1997年12月(衆院満了まで2年10ヶ月、実際には2年7ヶ月後)
野党第1党・第3回新進党党首選(小沢党首の任期満了)
小沢一郎候補 230票(55%)
鹿野道彦候補 182票(45%)
翌夏に参院選を控え、創価学会系、連合系を中心に無投票ムードがあった。しかし、反小沢派が党改革を訴え、「当選8回、閣僚2回、旧自民党ながら非竹下派(福田派)」の鹿野道彦さんが早期に単独で出馬表明。ダークホースとみられながら、旧羽田派、創価系、連合系などから徐々に支持を集める。結果として小沢党首に肉薄し、「党首に反省を求める」党内世論が明らかになる。
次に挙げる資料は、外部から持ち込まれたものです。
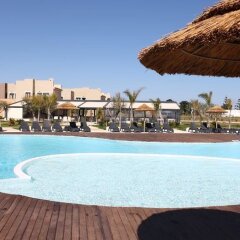 Отель Le Residenze Archimede Сиракуза фото 7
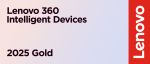 lenovo-devices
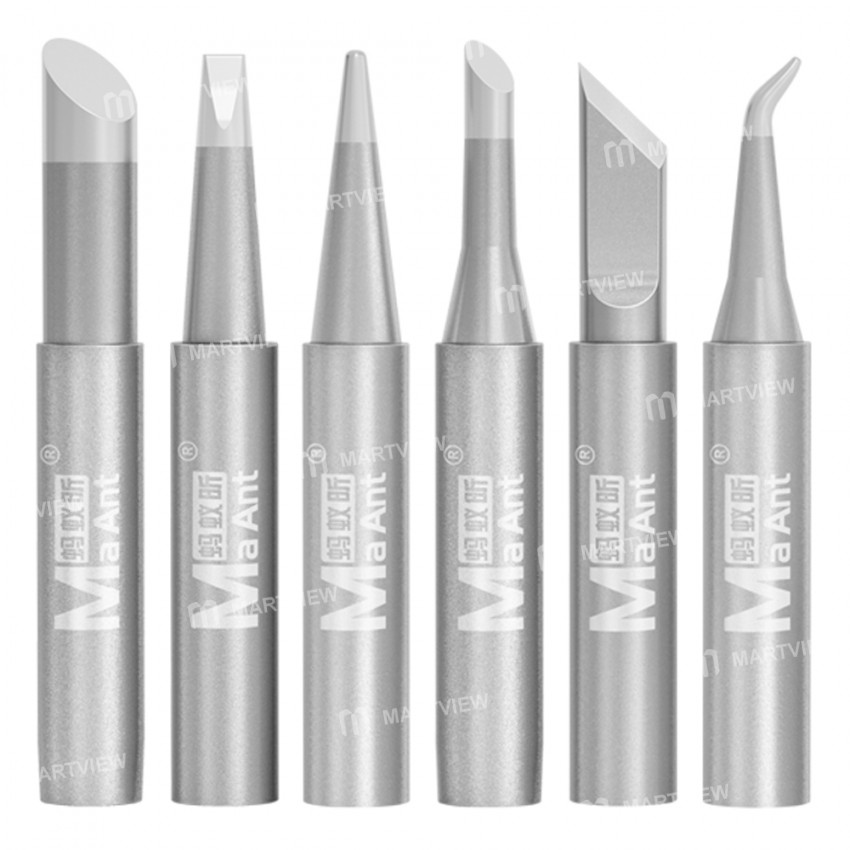 maant ant936-series-lead-free-environmental-protection-universal-soldering-iron-tips-1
しかし、小沢党首は反省せず、政党助成法の基準日を控えた年の瀬に突如、両院議員総会を開き、「新進党解党」を宣言。翌夏の参院選では橋本自民党が地滑り的惨敗で、参院選2連勝(第1会派)の機会を逃した、
2009年5月(衆院満了まで4ヶ月、実際には3ヶ月後)
野党第1党・第12回民主党代表選(小沢代表の途中辞任)
鳩山由紀夫候補 124票(56%)
岡田克也候補 95票(44%)
支持率から政権交代が確実な情勢で、事実上の首相選挙。小沢代表が突然辞任表明しその週の土曜日に選出する日程を発表。良識派が抵抗も、「決まったことを守るのが民主主義だ」という謎の言葉で押し切る。古川元久中央代表選挙管理委員長が両院議員総会中にディベートタイムを取り込むなどの善後策をはかる。鳩山由紀夫幹事長を小沢系が応援。郵政勝ち残り組の衆院議員は岡田副代表陣営がわずかにリード。小沢氏は参院での巻き返しを図り、小沢一郎政治塾出身議員が参議院議員会館に二十人前後の議員を呼び出し、鍵を閉め、支援を確約する文書に署名しない限り部屋から出さないと迫る「監禁事件」が発生。泣き出す議員も。また離党した無所属の前田雄吉・衆院議員が飛脚としてベテランを籠絡。岡田系の躍進に怒った小沢氏は、両院議員総会の最後に登壇しないという大人げない行動に出る。この3ヶ月後の政権交代で、岡田克也さんから幹事長職を奪い返し党の主導権を握り、翌夏の参院選で惨敗する事態に。ねじれ国会となり現在にいたる。
2010年9月(衆院満了まで2年11ヶ月)
与党・第14回民主党代表選(定期代表選)
菅直人候補 721票(59%)
小沢一郎候補 491票(41%)
8年ぶりの定期代表選で、地方議員、党員・サポーターも参加。結党以来初めて、総理大臣が出馬。勝敗を決する1期生議員に対して、小沢氏の議員秘書が、総選挙の際の資金提供に関する領収書など支援に関する文書をみせて、投票を迫る。東京、大阪、札幌での街頭演説会に大量に聴衆を動員し、菅候補をののしる戦術をとるが効果は不明。結果は、41%の得票率の大惨敗。党内での影響力は大幅に低下する。
[資料おわり]
第2回新進党党首選での屈辱により、太陽党の船に乗り込んだ、羽田孜さん、北澤俊美さん。新進党に残った岡田克也さん。そして、新進党第3回党首選に出馬し、善戦した恨みで、解党という屈辱を受けた鹿野道彦さん。そして、「(第41回衆院議員総選挙で)新進党と書いてくださった有権者(国民)に対する裏切りだ!」と叫んだ岡田さん。無所属(衆議院副議長)として見守った渡部恒三さん。そして、なんと言っても、新進党千葉4区総支部長として浪人中に党を解党され、イチバン苦労した野田佳彦総理・代表。生活・子育てが困窮し、不安で暗い長い道を歩いたのは野田さんなんですよね。最近まで、そのことに気付きませんでした、ごめんなさい。亡くなった奥田敬和さん。政界引退した畑英次郎さんら。
みんながそろってきょうこの日を迎えました。
[画像]渡部恒三さん、羽田孜さん、岡田克也さん、鹿野道彦さん。
[画像]野田佳彦代表(総理)と渡部恒三さん。
まさに二大政党制のしくみが完成した歴史的な日となりました。
なお、民主党規約、民主党代表選挙規則の改定は、鉢呂吉雄さん、細川律夫さん、藤本祐司さんらが取りまとめにあたりました。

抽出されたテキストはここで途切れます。